The need for capabilities of automated visual content analysis has substantially increased due to presence of large number of images captured by surveillance cameras. With a focus on development of practical methods for extracting effective visual data representations, deep neural network based representations have received great attention due to their success in visual categorization of generic images. For fine-grained image categorization, a closely related yet a more challenging research problem compared to generic image categorization due to high visual similarities within subgroups, diverse applications were developed such as classifying images of vehicles, birds, food and plants. Here, we propose the use of deep neural network based representations for categorizing and identifying marine vessels for defense and security applications.
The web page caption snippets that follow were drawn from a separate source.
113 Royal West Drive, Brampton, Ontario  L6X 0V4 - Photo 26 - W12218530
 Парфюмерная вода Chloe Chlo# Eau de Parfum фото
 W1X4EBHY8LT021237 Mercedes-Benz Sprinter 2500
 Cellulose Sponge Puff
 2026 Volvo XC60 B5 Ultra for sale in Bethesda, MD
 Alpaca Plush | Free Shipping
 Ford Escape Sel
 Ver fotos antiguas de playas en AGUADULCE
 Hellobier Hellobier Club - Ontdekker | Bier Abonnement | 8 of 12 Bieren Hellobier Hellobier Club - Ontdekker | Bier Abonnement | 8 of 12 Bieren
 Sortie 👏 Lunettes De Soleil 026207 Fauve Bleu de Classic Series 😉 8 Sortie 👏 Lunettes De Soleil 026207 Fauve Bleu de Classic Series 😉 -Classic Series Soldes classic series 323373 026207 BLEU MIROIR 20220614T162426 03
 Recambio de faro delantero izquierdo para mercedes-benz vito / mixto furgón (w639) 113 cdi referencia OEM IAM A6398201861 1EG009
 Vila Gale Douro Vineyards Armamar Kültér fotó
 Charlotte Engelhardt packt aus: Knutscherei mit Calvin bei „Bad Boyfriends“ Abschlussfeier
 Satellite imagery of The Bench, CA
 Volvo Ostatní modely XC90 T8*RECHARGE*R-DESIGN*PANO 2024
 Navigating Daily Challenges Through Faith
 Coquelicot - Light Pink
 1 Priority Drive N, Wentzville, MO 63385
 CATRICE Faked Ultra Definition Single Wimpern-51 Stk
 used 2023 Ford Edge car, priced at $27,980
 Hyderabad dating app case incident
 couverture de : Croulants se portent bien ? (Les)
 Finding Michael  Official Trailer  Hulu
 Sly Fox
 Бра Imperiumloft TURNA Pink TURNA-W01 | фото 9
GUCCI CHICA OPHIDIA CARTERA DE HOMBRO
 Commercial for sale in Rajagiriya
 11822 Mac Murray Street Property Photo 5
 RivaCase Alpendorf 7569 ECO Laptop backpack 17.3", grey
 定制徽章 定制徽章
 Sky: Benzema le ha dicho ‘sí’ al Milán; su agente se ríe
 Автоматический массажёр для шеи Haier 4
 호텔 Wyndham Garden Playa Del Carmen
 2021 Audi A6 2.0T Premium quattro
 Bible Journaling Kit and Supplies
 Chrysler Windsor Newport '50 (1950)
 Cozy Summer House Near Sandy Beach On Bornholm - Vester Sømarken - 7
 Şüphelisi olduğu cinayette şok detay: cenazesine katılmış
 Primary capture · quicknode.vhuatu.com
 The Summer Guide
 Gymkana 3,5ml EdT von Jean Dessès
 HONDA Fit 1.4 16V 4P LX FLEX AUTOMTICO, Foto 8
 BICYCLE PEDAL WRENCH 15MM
First, we gather a large number of marine vessel images via online sources grouping them into four coarse categories; naval, civil, commercial and service vessels. Next, we subgroup naval vessels into fine categories such as corvettes, frigates and submarines. For distinguishing images, we extract state-of-the-art deep visual representations and train support-vector-machines. Furthermore, we fine tune deep representations for marine vessel images. Experiments address two scenarios, classification and verification of naval marine vessels. Classification experiment aims coarse categorization, as well as learning models of fine categories. Verification experiment embroils identification of specific naval vessels by revealing if a pair of images belongs to identical marine vessels by the help of learnt deep representations. Obtaining promising performance, we believe these presented capabilities would be essential components of future coastal and on-board surveillance systems.